Stored entries
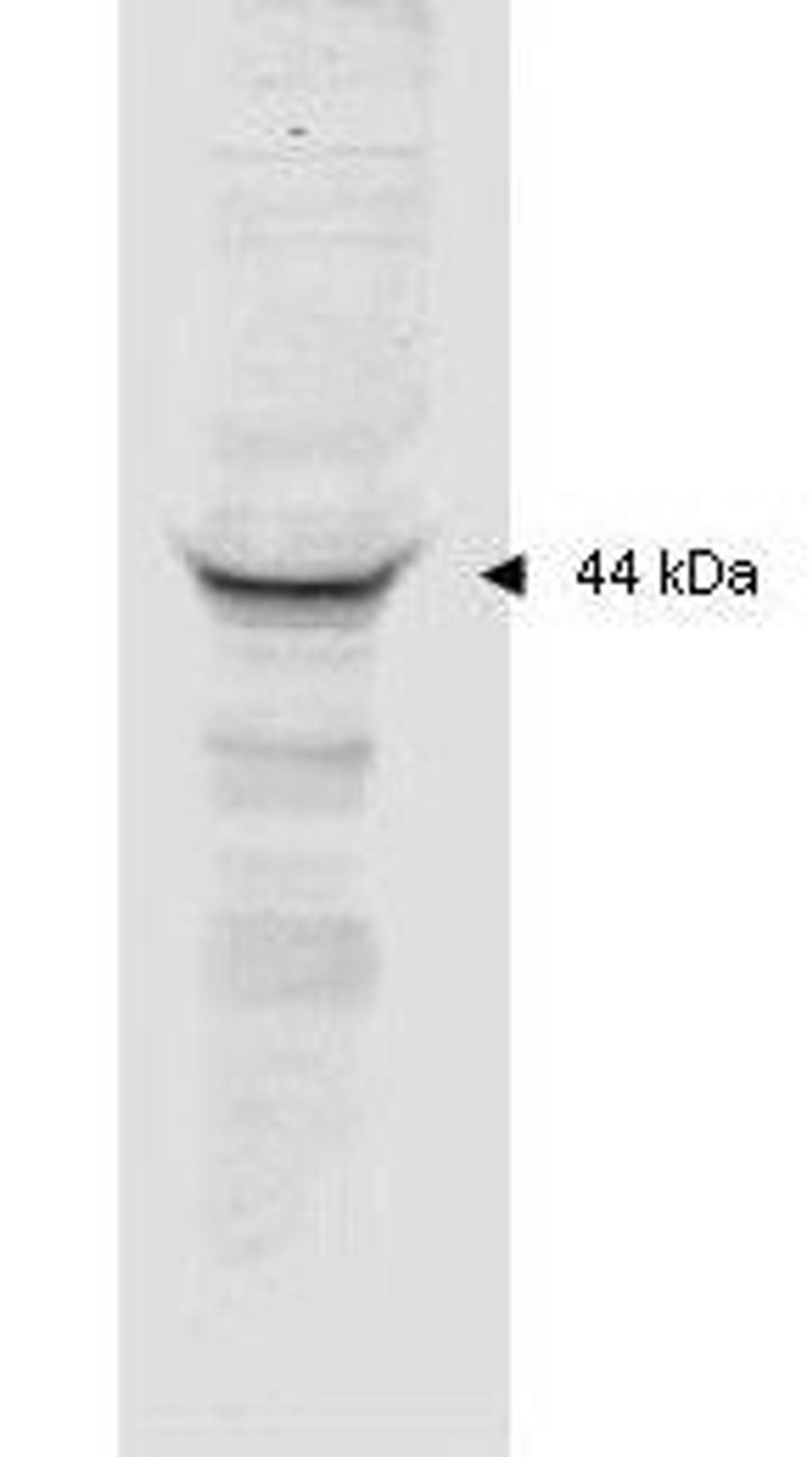 Western blot analysis of human heLa whole cell lysate using MAPKAP Kinase 2 antibody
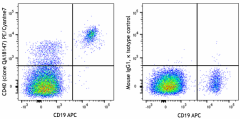 PE/Cyanine7 anti-human CD40 Recombinant Antibody (325807)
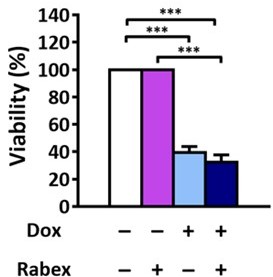 Purple cabbage exosomes show stable size with or without drug load and enhances doxorubicin's anti-cancer effect in SW480 cells after 96 hours.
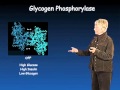 Susan Taylor (UCSD) Part 1: Protein Phosphorylation in Biology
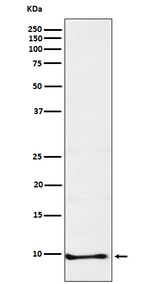 NNAT Recombinant Rabbit Monoclonal Antibody (K01_4J95)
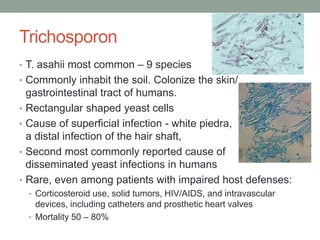 Trichosporon
• T. asahii most common – 9 species
• Commonly inhabit the soil. Colonize the skin/
gastrointestinal tract of humans.
• Rectangular shaped yeast cells
• Cause of superficial infection - white piedra,
a distal infection of the hair shaft,
• Second most commonly reported cause of
disseminated yeast infections in humans
• Rare, even among patients with impaired host defenses:
• Corticosteroid use, solid tumors, HIV/AIDS, and intravascular
devices, including catheters and prosthetic heart valves
• Mortality 50 – 80%
 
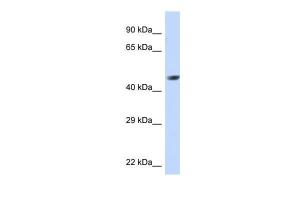 Anti-NR2E1 Rabbit Polyclonal Antibody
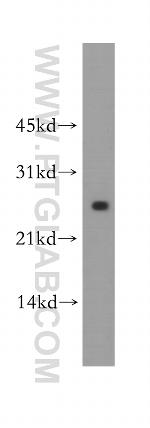 LXN Antibody in Western Blot (WB)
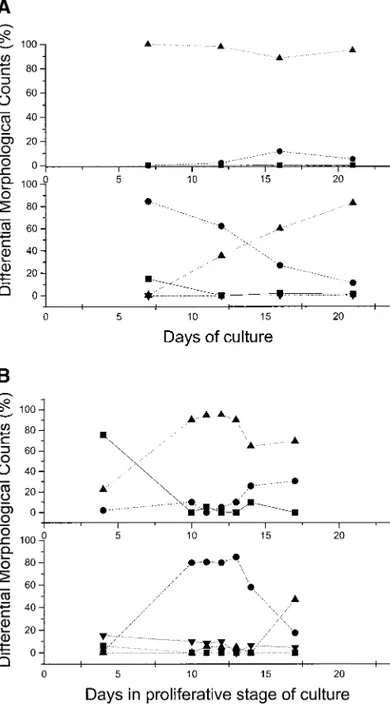 FIG. 7. (A, B) Differential morphological counts of May–Grunwald–Giemsa-stained cytocentrifuged smears of cells obtained from proliferative phase-cultures of light-density cells from two different normal donors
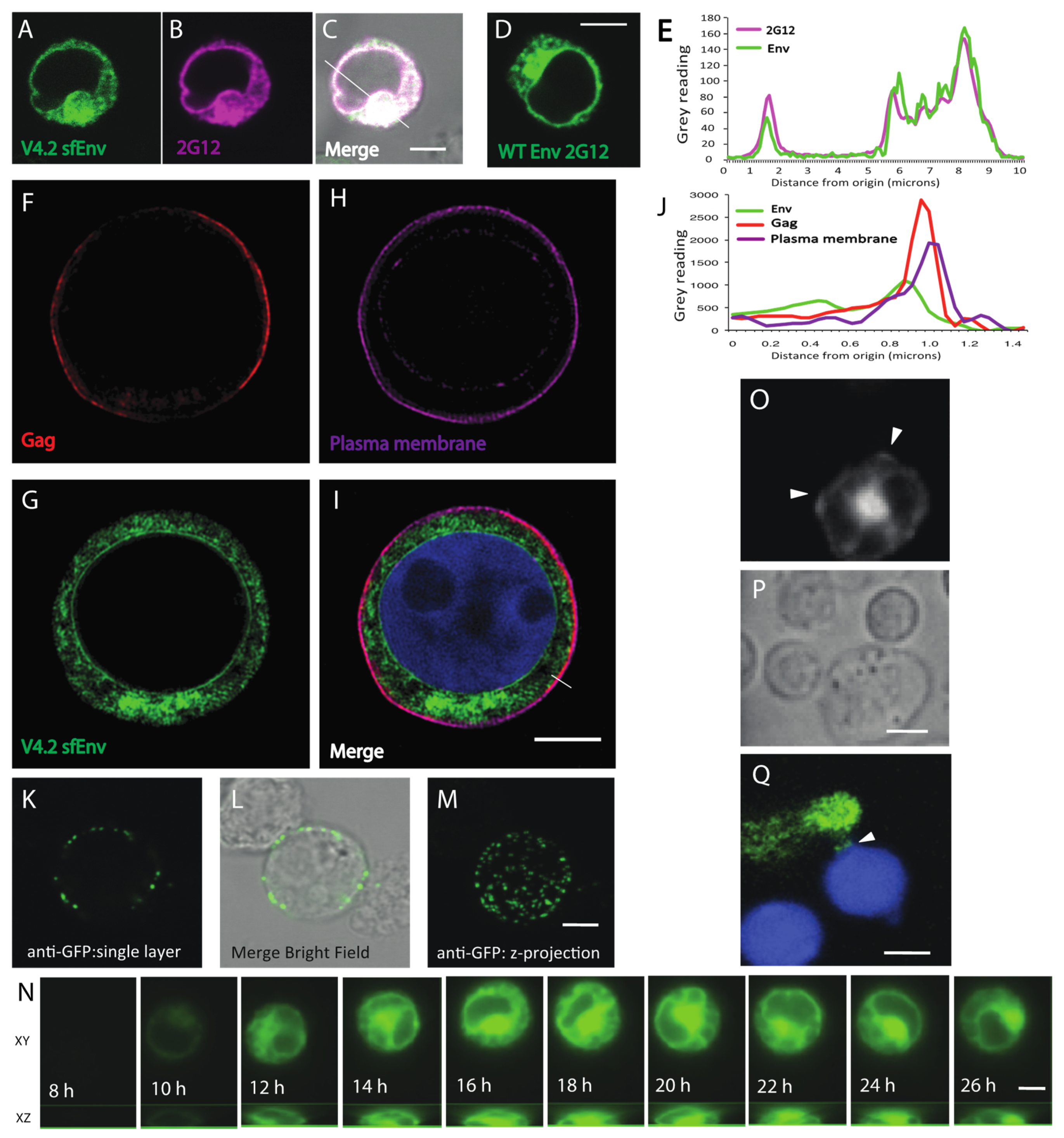Viruses 14 00038 g002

# Work order
Give back exactly the lines from the first line of the data through the line with "Purple cabbage exosomes", pictures excluded.

# Answer space
 Western blot analysis of human heLa whole cell lysate using MAPKAP Kinase 2 antibody
 PE/Cyanine7 anti-human CD40 Recombinant Antibody (325807)
 Purple cabbage exosomes show stable size with or without drug load and enhances doxorubicin's anti-cancer effect in SW480 cells after 96 hours.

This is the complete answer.